| Your task |
Repeat only the stretch of lines below that runs from the line with "3145 Krafft Road, Fort" through the line with "buffalo bills air", unaltered.

══════

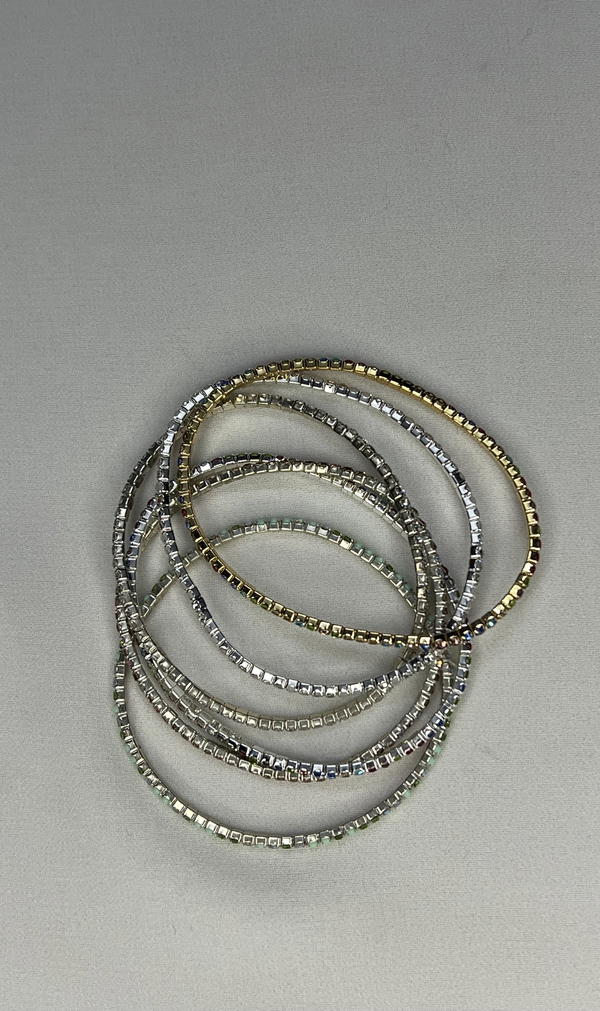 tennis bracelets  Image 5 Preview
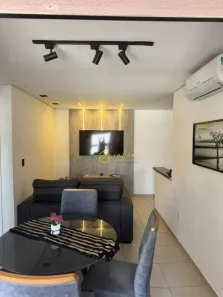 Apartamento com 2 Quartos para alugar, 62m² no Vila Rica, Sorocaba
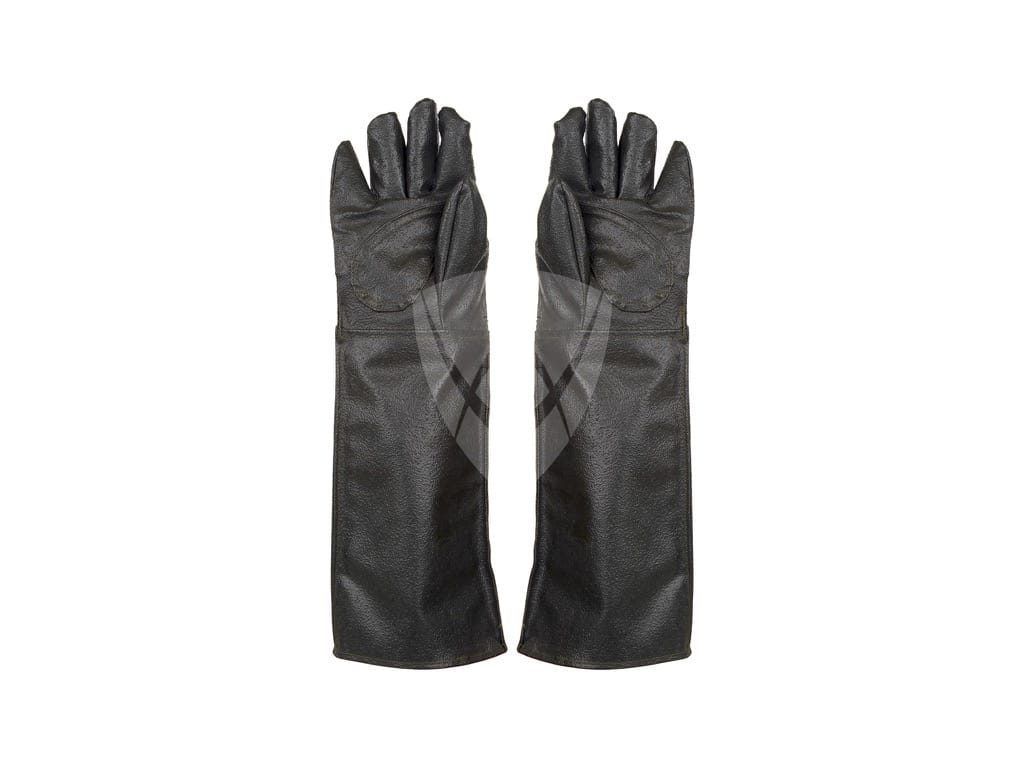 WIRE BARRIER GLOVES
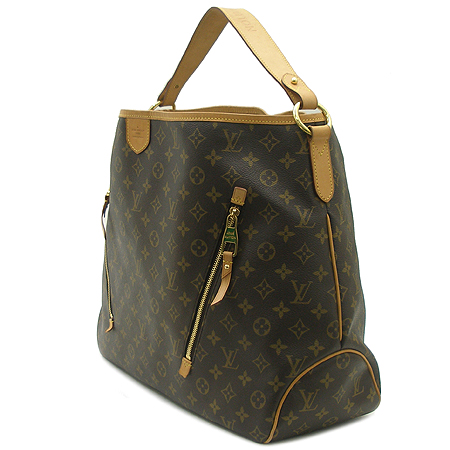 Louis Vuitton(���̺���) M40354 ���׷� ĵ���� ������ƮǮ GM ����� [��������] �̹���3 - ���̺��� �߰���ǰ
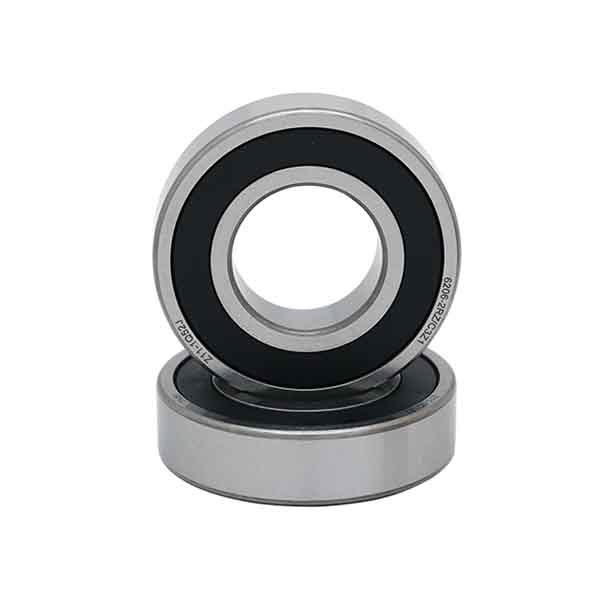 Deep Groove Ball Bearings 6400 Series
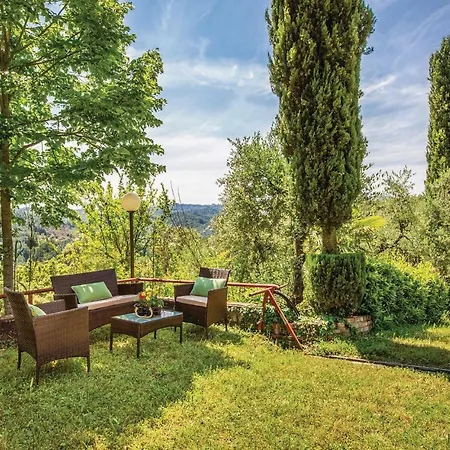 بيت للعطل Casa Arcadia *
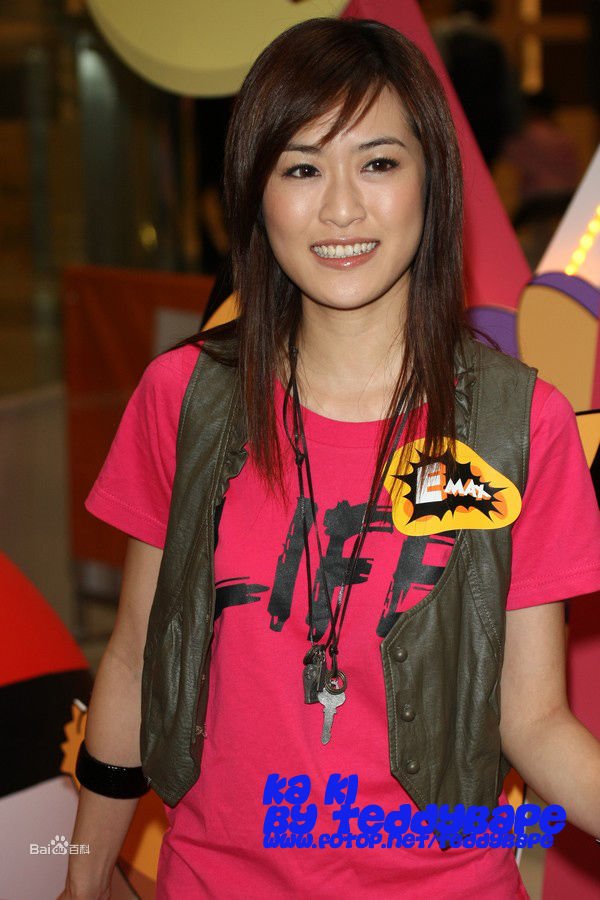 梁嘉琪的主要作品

══════

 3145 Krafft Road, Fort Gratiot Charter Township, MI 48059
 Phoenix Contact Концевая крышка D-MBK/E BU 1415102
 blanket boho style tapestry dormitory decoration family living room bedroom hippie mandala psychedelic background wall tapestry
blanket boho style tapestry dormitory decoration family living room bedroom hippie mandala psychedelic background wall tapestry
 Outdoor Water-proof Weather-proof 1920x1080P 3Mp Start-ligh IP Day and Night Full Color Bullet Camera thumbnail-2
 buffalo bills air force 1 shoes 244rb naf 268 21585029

══════

| Solution to this task |
 3145 Krafft Road, Fort Gratiot Charter Township, MI 48059
 Phoenix Contact Концевая крышка D-MBK/E BU 1415102
 blanket boho style tapestry dormitory decoration family living room bedroom hippie mandala psychedelic background wall tapestry
blanket boho style tapestry dormitory decoration family living room bedroom hippie mandala psychedelic background wall tapestry
 Outdoor Water-proof Weather-proof 1920x1080P 3Mp Start-ligh IP Day and Night Full Color Bullet Camera thumbnail-2
 buffalo bills air force 1 shoes 244rb naf 268 21585029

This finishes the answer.